The 1st and 2nd Divisions would be escorted by a greater number of fighters than had yet been launched by the USAAF on a single mission anywhere. It was a maximum effort, in which every available American fighter plane—18 fighter groups worth—was tapped for service, while the RAF also contributed 16 squadrons of Spitfires and some of its own Mustangs. Drawn from VIII Fighter Command, as well at the Ninth Air Force’s IX Fighter Command, there were 73 USAAF P-51 Mustangs, 94 P-38 Lightnings, and 668 P-47 Thunderbolts. The latter, being unable to accompany the bombers all the way to their targets, would, as they usually did on deep penetration missions, go as far as possible, ret
urn home to refuel, and pick up the bombers on their way out of Festung Europe.
The Flying Fortresses of the 3rd Division, meanwhile, would fly a far northern route which would not cross the paths of the other two divisions after leaving British airspace. Flying across the North Sea and over the northern part of Denmark, they approached northern Germany from over the Baltic Sea.

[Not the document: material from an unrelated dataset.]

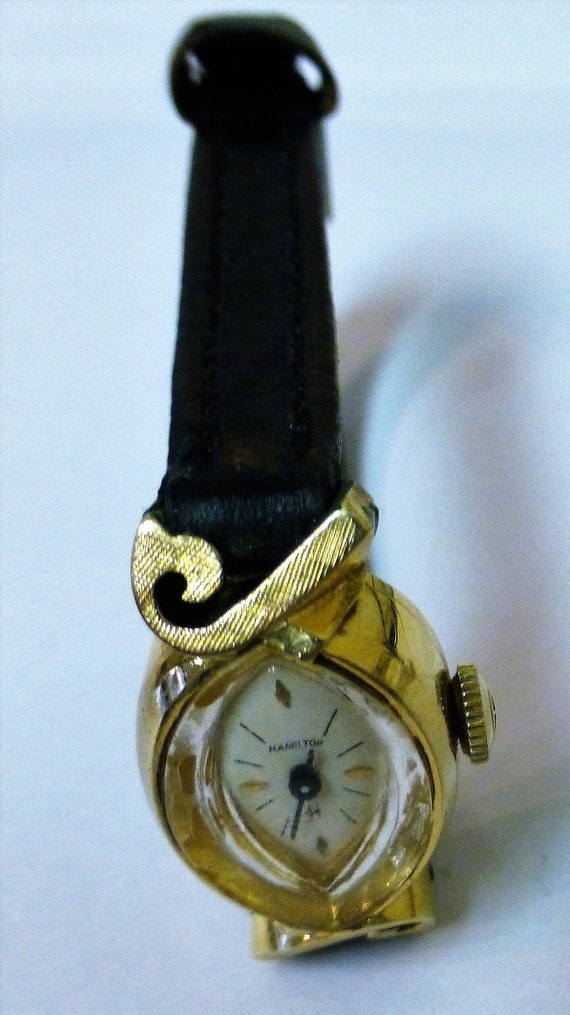 14kt Yellow Gold Ladies Vintage Hamilton L&W Watch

Their primary targets would be the huge Luftwaffe engineering facility and bomber crew training school at Tutow. The most distant on the 3rd Division target list, the buildings were clustered around the city of Posen. Located 140 miles inland from the Baltic, Posen was a historically Polish city known in Polish as Poznan. It had been part of the Prussian and, later, German empires between 1815 and 1919 and was Polish again for twenty years before Hitler reincorporated it back into Germany in 1939. Here, the primary target was the Luftwaffenfliegerhorst Kreising airfield and factory complex that was located in the suburb of Krzesiny.

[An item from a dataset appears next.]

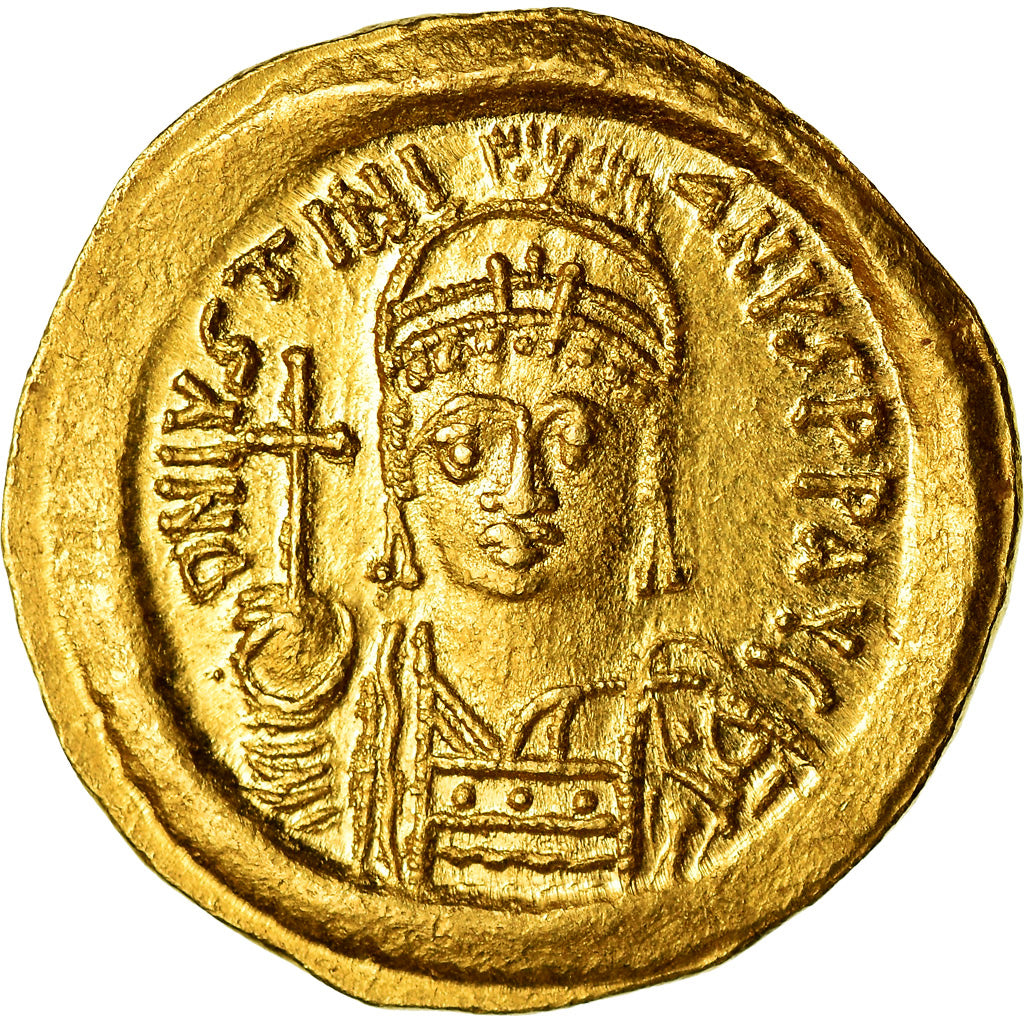 Moneda, Justinian I, Solidus, 545-565, Constantinople, SC, Oro, Sear:140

The secondary targets for the 3rd Division included the German port cities of Stettin and Rostock, which housed aircraft manufacturing facilities operated by Heinkel Flugzeugwerke.
Part of the plan in sending the 3rd Division so far north was diversionary. Seeing this force on radar or with observers in Denmark, the Luftwaffe would be alerted to counter them by shifting interceptors from central Germany. When it was discovered that the main part of the Sunday mission was coming over central Germany, the fighters that had gone north would have to make a U-turn from a long distance. This would pull them away from the 3rd Division and make them late in intercepting the other divisions—at least in theory.

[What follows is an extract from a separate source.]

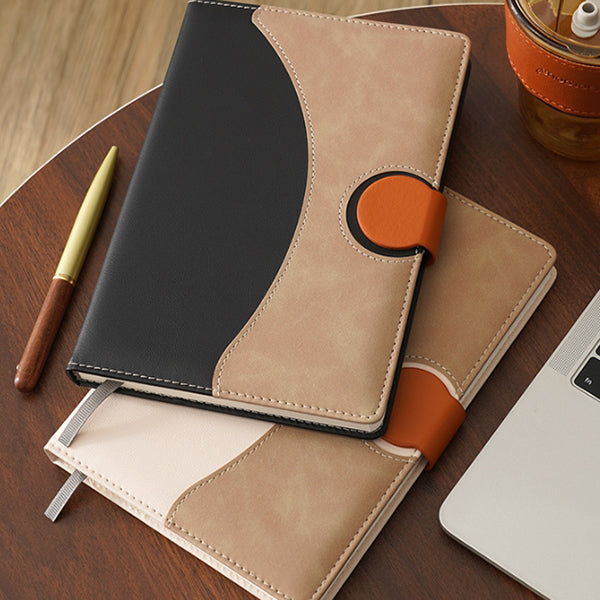 A5拚色PU皮革筆記本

Following a course that was mainly over the water, the 3rd Division would fly without fighter escort. They would depend for their defense on the other two divisions having lured the Luftwaffe into action over Germany’s industrial heartland.
This may have worked to a certain extent, but the ploy could certainly not be proven by the experiences of the 3rd Division crews who were mauled by the Luftwaffe east of Denmark.
The 100th Bombardment Group came south across the North Sea with the 3rd Division bomber stream, crossing the coastline at ten minutes to noon, a little more than three hours after departing British airspace. Contrary to the theory about the Luftwaffe being elsewhere, interceptors were on hand to meet the bombers three minutes after they made landfall. First to attack were Fw 190s, which was perhaps fitting, as the 100th was heading in to attack a Focke-Wulf factory, and these were followed by Bf 109s and rocket-firing Bf 110s and Ju 88s. Several crews reported seeing an Fw 190 carrying a bomb that hung from a cable.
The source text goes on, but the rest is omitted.